- **What you will do**: Only one span of the listing below is wanted: the lines from the one with "現在三人都已成家立室了。" through the one with "plafond de garage en tôles ondulées", reproduced exactly, both ends kept.

- **Available data**:
>>>

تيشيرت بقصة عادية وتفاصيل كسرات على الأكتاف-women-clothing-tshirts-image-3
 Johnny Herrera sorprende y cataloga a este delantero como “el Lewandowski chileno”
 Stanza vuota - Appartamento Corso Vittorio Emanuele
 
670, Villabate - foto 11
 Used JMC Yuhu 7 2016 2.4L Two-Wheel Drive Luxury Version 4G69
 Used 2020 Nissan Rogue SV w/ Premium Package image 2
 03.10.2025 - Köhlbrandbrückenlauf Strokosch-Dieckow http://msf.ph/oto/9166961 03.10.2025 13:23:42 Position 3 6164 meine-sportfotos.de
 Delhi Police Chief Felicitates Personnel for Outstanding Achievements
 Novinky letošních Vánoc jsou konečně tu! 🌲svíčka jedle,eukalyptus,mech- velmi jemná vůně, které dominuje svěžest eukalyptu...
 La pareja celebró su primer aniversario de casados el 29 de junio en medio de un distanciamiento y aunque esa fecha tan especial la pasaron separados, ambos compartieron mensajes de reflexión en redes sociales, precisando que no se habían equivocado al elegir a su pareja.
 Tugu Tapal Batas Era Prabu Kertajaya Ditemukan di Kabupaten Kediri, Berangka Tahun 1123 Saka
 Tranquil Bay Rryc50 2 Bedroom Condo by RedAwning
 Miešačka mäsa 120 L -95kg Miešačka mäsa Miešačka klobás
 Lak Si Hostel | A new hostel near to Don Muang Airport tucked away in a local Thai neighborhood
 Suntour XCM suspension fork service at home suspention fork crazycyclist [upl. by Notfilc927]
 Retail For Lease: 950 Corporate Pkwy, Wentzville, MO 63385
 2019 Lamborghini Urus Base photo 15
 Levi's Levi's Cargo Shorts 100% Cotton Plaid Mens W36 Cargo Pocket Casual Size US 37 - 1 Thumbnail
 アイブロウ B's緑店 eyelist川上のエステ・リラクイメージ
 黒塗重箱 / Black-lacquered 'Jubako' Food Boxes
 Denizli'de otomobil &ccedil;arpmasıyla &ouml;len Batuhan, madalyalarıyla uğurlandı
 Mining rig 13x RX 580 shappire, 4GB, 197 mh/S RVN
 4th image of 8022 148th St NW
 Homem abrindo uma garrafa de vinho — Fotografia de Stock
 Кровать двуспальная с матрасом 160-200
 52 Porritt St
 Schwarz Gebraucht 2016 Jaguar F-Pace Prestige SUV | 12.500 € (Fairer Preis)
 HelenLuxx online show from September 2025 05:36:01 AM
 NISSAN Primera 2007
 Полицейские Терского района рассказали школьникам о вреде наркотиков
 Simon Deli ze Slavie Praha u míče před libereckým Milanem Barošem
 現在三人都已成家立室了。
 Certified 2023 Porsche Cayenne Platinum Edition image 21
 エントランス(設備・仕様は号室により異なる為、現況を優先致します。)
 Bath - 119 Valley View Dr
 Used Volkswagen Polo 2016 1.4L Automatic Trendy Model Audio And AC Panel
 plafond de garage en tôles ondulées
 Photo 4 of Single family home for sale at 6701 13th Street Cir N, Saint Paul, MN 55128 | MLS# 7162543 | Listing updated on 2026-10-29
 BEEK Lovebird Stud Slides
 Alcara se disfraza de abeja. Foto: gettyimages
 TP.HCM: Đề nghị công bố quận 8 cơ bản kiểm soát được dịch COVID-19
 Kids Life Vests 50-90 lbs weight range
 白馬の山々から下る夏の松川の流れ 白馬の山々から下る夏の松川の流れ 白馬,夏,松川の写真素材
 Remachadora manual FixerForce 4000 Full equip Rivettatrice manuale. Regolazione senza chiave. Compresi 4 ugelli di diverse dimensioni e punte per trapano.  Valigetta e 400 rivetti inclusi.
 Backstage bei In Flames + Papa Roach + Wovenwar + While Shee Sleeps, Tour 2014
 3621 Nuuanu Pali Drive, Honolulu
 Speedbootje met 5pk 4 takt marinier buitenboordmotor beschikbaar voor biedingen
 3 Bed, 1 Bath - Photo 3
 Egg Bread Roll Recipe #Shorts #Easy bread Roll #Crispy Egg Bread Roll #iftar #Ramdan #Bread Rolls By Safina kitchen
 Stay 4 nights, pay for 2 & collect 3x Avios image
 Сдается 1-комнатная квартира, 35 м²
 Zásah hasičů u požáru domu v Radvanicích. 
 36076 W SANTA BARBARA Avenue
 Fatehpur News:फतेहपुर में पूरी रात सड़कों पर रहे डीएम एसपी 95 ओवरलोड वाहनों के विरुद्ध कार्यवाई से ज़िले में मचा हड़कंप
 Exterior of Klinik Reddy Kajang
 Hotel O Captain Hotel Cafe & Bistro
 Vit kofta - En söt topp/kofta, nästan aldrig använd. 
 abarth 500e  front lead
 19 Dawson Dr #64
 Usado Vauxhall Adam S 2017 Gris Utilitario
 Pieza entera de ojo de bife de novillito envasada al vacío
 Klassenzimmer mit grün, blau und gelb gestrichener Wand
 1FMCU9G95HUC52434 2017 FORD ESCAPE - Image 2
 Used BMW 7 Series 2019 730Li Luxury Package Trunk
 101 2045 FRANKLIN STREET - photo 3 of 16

<<<

- **Answer below**:
 現在三人都已成家立室了。
 Certified 2023 Porsche Cayenne Platinum Edition image 21
 エントランス(設備・仕様は号室により異なる為、現況を優先致します。)
 Bath - 119 Valley View Dr
 Used Volkswagen Polo 2016 1.4L Automatic Trendy Model Audio And AC Panel
 plafond de garage en tôles ondulées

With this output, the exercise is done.